A-6228-07T1 (N.J. Super. App. Div. 2009) (Unpublished)

LEASES; OPTIONS; INTERPRETATION — Although a lease provision has a requirement that something be done within a certain number of days “of” a particular event can be interpreted as that number of days before or after the given event, a requirement to give a renewal option notice within a certain number of days “of” the termination of the lease will only be interpreted as meaning that number of days before the lease expires.

A landlord leased a building to a restaurant for ten years. In a rider to the lease, the tenant was given a five year renewal option followed by a second five year renewal option. The rider stated that it was “intended to supplement, and be a part of, the Lease Agreement between the parties. To the extent that any of the terms of this Rider conflict with the terms as contained within the printed Lease Agreement, the terms of this Rider shall be controlling.” After the end of the ten year term, the landlord and tenant discussed a new lease, but no agreement was ever finalized. Testimony presented to the court showed that the discussions had not broken off; rather, it appeared they had not been completed. At the end of the term, the landlord’s attorney wrote to the tenant, informing it that the lease had terminated at the end of the prior month. The tenant responded with a letter exercising its first renewal term. In turn, the landlord said “it was willing to negotiate the lease, but at a substantially increased monthly rental.” The tenant rejected that proposal and the landlord commenced eviction proceedings. The proceedings were removed to the Law Division.

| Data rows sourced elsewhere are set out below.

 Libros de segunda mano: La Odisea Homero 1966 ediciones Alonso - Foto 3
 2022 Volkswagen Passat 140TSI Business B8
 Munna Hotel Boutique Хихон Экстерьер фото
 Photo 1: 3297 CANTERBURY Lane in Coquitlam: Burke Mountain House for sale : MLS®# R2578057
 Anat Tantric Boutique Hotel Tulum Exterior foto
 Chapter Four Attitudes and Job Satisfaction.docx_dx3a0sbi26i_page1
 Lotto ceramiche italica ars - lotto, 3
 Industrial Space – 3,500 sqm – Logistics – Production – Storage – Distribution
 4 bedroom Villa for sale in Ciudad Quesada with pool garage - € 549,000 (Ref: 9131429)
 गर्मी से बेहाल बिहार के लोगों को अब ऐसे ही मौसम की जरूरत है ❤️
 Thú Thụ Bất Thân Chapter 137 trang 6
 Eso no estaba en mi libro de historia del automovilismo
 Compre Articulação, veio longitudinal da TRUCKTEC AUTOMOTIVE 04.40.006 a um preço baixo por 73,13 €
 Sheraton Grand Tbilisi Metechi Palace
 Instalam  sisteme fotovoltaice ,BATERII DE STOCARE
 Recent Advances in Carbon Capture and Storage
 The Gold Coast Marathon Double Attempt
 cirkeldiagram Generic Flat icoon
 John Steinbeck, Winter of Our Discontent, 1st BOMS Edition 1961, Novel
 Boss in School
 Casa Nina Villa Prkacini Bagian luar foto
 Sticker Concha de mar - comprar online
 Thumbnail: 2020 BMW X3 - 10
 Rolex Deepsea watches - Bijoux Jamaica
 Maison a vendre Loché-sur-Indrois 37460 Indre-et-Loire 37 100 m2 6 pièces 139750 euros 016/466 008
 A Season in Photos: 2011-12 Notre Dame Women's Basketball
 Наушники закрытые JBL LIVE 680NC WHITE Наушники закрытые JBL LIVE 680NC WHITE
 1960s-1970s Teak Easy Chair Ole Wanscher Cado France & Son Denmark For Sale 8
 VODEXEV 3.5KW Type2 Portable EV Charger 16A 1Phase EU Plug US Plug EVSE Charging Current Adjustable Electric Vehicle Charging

At a hearing on cross-motions for summary judgment, the landlord argued that the tenant had not exercised its option within the sixty day period and that the tenant’s written efforts to renew the lease came almost five weeks after the lease term had ended. The tenant responded with several arguments. One of its arguments was “that the language of the rider was ambiguous, specifically, that the phrase ‘within sixty days of the termination of this Lease’ did not necessarily require such notification in the sixty days preceding the termination of the Lease. It contended that it could as easily be read to mean that the option could be exercised within the sixty days following the termination of the lease. It pointed to other portions of the lease in which the phrase ‘within’ clearly referred to a period after a defined event. The lower court agreed that the phrase was ambiguous and construed the ambiguity in the tenant’s favor. The landlord appealed.

In its appeal, the landlord argued that the “construction put forth by [its tenant] and adopted by the [lower court was] unreasonable.” The Appellate Division agreed with the landlord and reversed the ruling of the lower court. Therefore, the Court looked to case law that explained the principle behind requiring notice of the exercise of an option. It concluded that a notice requirement is intended to avoid forcing a landlord to wait until the last day of the lease term before knowing whether it made sense to seek another tenant. Such a requirement “substantially reduces the risk that the premises will remain unoccupied for an indefinite period of time in the event that the renewal option is not exercised.” The Court agreed with the landlord “that construing the rider so as to permit the option period to run past the expiration date of the lease would only increase a landlord’s risk.”

The Court, however, disappointed the landlord. The lower court had accepted the tenant’s first argument, and therefore had given no consideration of the tenant’s other arguments. One of the arguments made by the tenant was that the rider said the obligation to pay rent did not commence until two months after the starting date stated on the preprinted form and further specified that the obligation to pay rent extended to a date that was two months after what would otherwise have been the ten year term. With that in mind, the Court looked to the option renewal provision of the rider, and gave deference to the rider’s intention. As a result, it agreed with the tenant that “the most reasonable construction of this provision [was] to extend the termination of the lease” by two months and therefore the tenant’s notice was, in fact, timely.